*WHAT YOU NEED TO DO:*
Your task is to copy the lines from the line containing "Mitchell Robinson, de" through the end of the listing below, both included, without any pictures.

*SUPPLIED INFORMATION:*
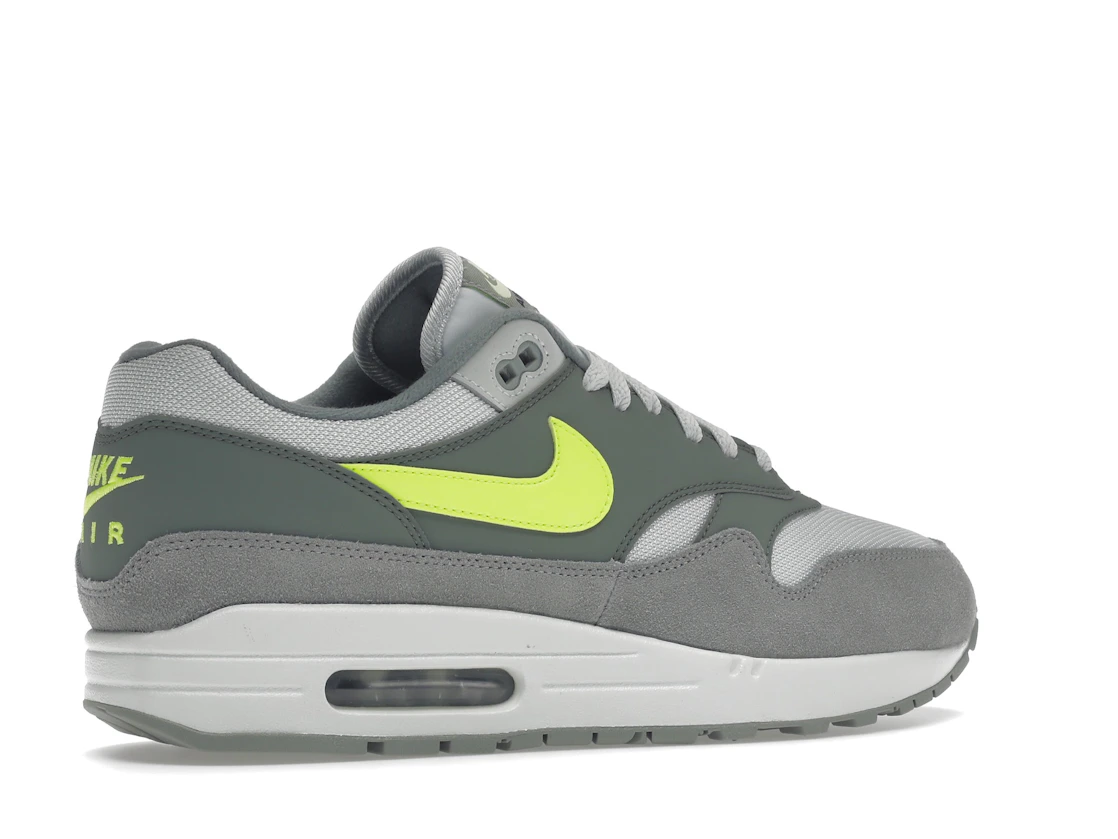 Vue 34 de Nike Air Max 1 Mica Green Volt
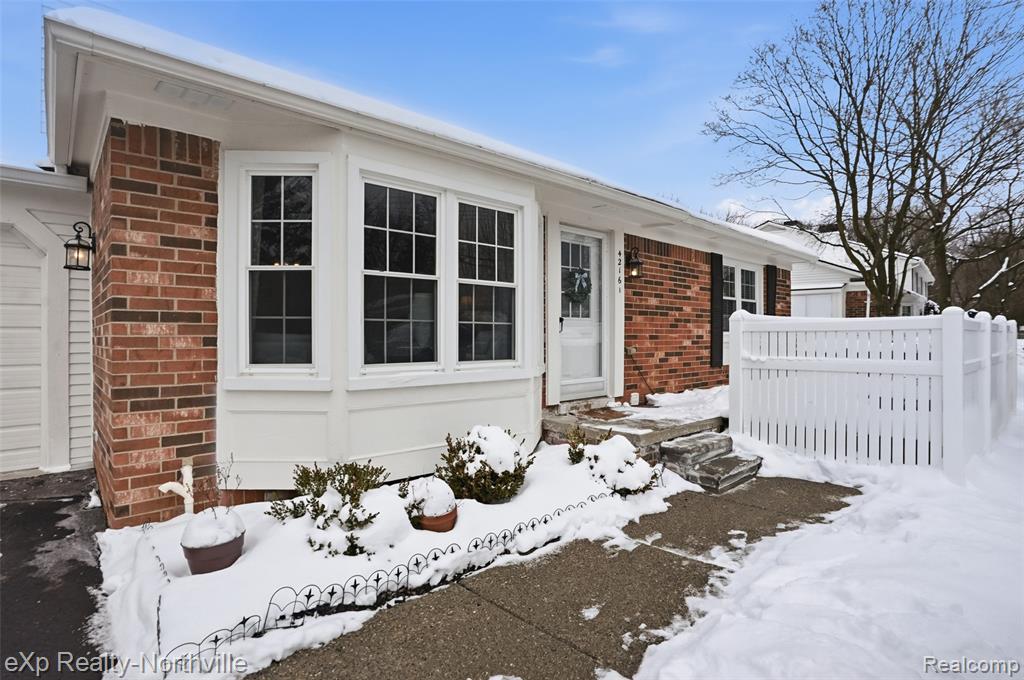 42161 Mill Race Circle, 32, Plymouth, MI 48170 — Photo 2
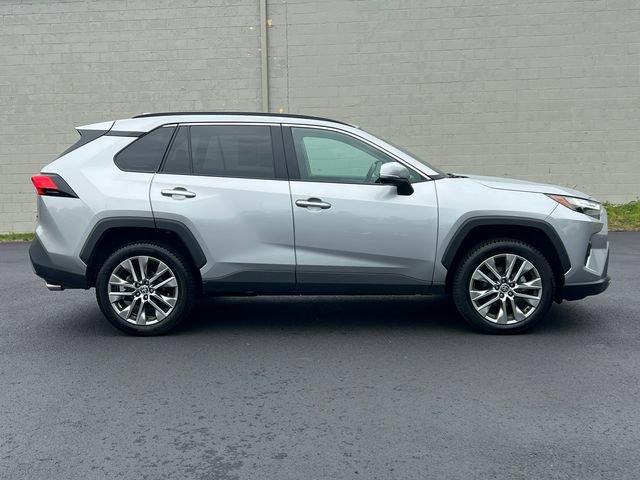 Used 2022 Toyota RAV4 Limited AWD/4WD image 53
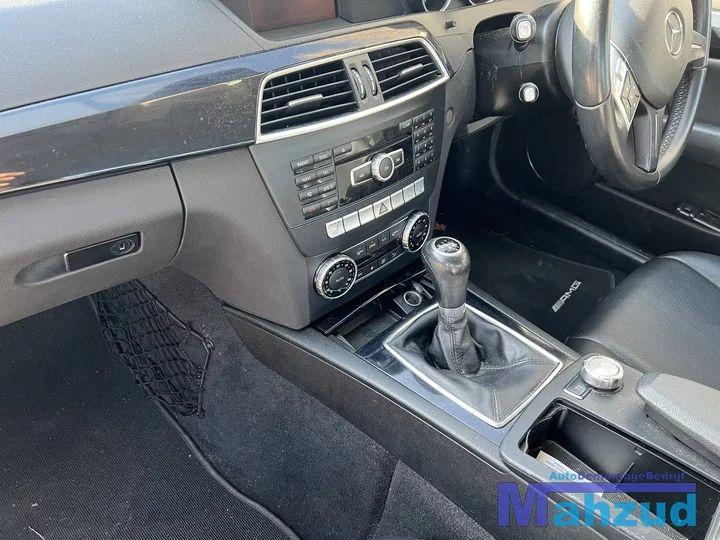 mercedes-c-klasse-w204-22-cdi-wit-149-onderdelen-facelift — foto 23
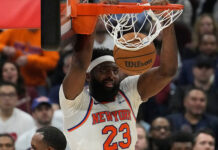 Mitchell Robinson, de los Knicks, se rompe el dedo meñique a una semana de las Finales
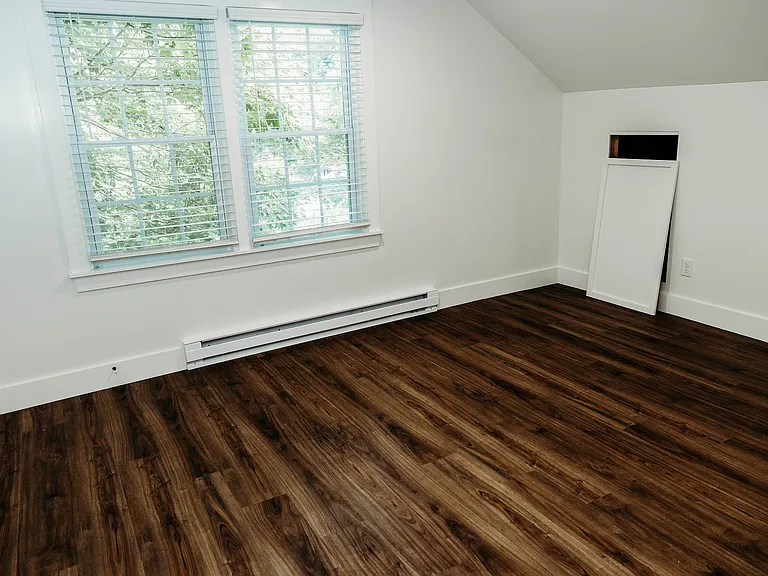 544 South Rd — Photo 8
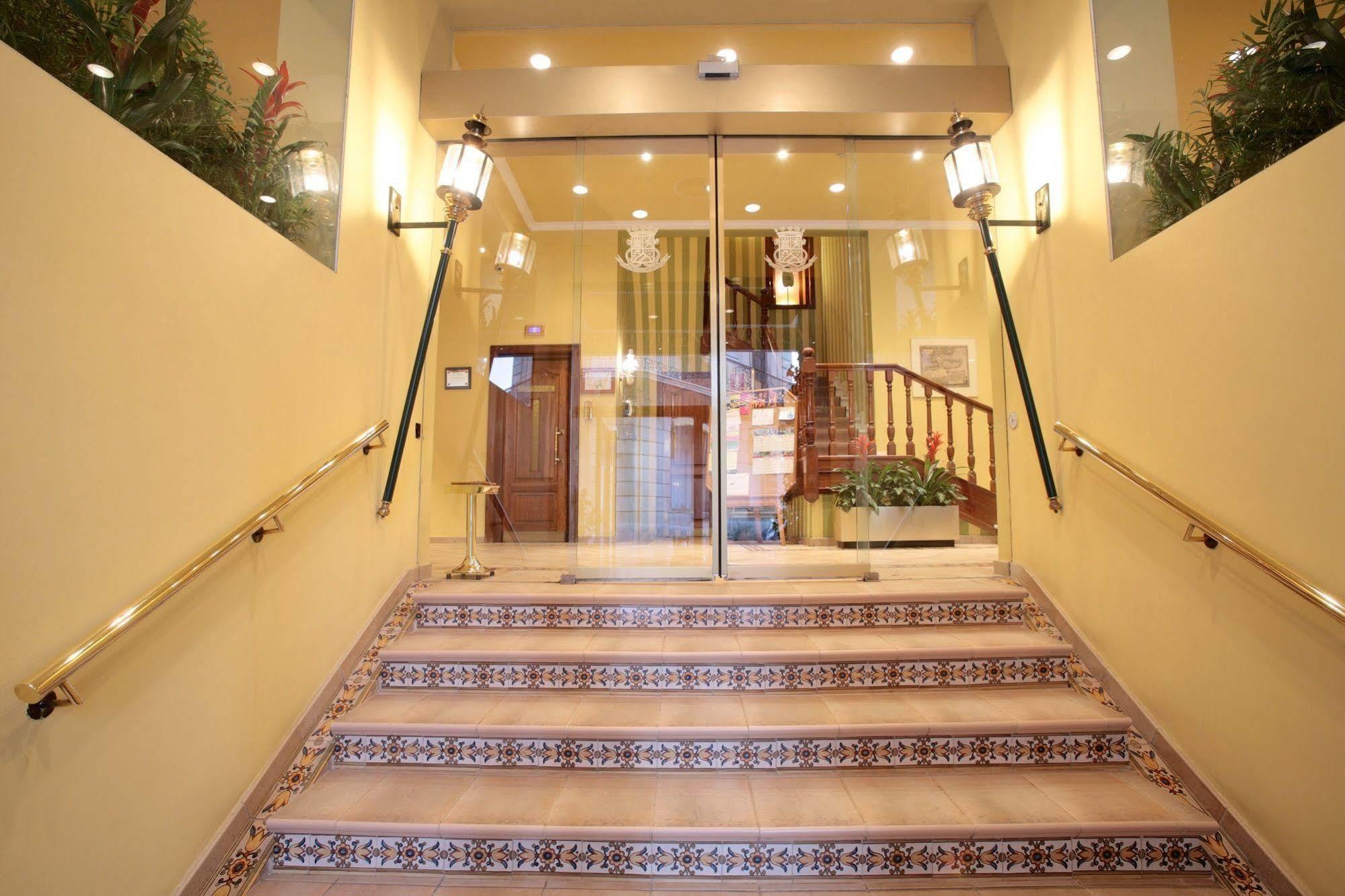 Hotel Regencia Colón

*RESULT OF THE EXERCISE:*
 Mitchell Robinson, de los Knicks, se rompe el dedo meñique a una semana de las Finales
 544 South Rd — Photo 8
 Hotel Regencia Colón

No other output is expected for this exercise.